The applicant had previously studied in Australia on a similar visa, under which he had been enrolled initially in the University of Southern Queensland, Sydney Education Centre, in Surry Hills, Sydney (“USQ”), from the third semester of 2002 through to the first semester of 2004. The delegate and the Tribunal had evidence from USQ showing that, of 18 subjects for which he had enrolled, he had passed only two, and that in the opinion of the university he had not made “satisfactory academic progress” in any of the semesters in which he was enrolled.

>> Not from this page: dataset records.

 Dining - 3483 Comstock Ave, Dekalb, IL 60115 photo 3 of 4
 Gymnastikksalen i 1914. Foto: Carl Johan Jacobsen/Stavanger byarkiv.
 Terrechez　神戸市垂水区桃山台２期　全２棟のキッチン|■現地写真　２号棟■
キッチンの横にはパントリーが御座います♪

The issue upon which the delegate, and then the Tribunal, determined that he was not eligible for his new visa was his failure to meet a criterion found in Sch.2, item 573.212 of the Migration Regulations 1994 (Cth) (“the Regulations”). This required at the time of application:
573.212If the application is made in Australia, the applicant has complied substantially with the conditions to which the visa (if any) held, or last held, by the applicant is, or was, subject.

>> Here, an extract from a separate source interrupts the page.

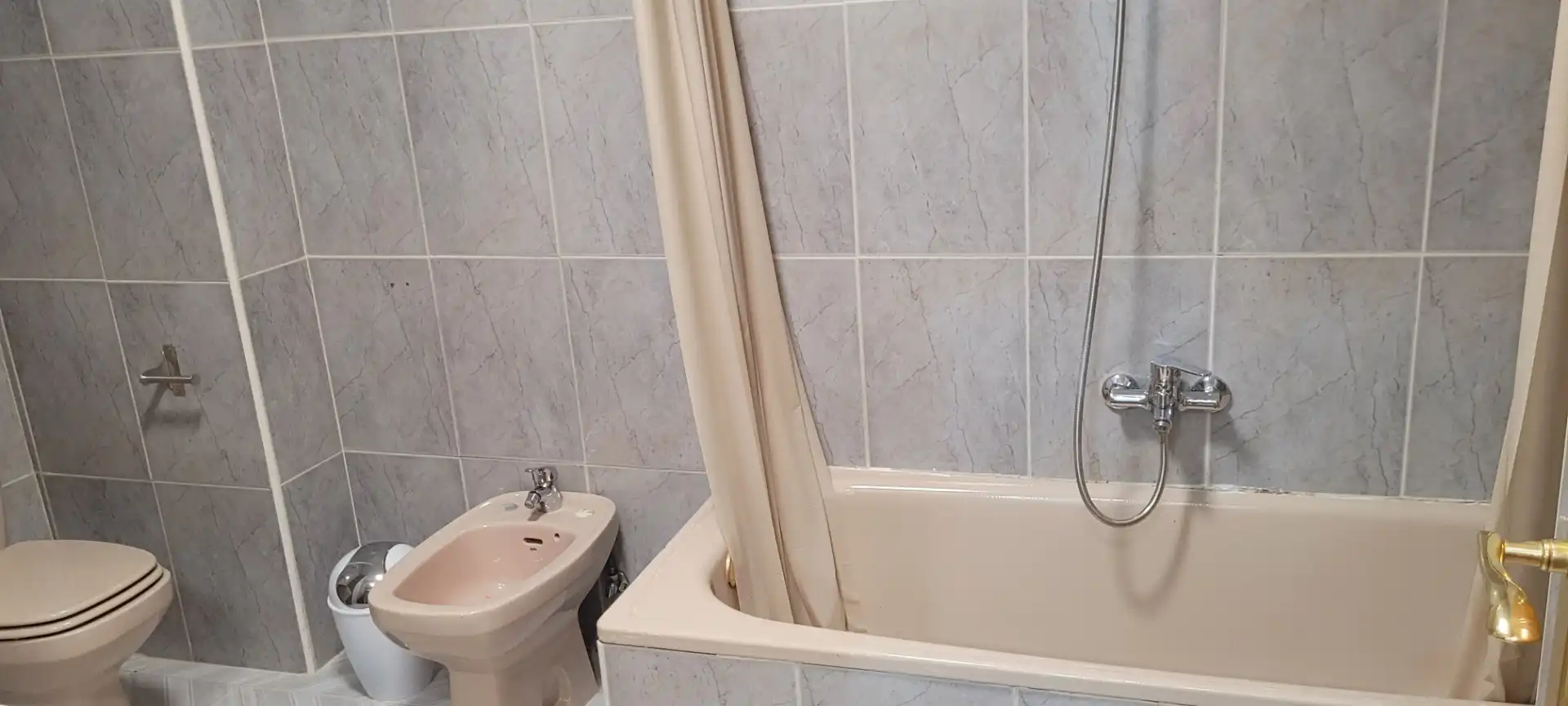 Baño de Piso de alquiler en Cuenca con Calefacción, Parquet y Amueblado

Since his previous visa had not expired at the time of his visa application, the conditions attaching to that visa had to be addressed under this criterion. The significant conditions to which his old visa were subject were found in condition 8202, in a form then found in Sch.8 to the Regulations. Relevantly, that item contained the condition that:
8202(3) A holder meets the requirements of this subclause if: …
(b)in any case – the holder achieves an academic result that is certified by the education provider to be at least satisfactory; …
(ii)for a course that runs for at least a semester – for each term or semester (whichever is shorter) of the course.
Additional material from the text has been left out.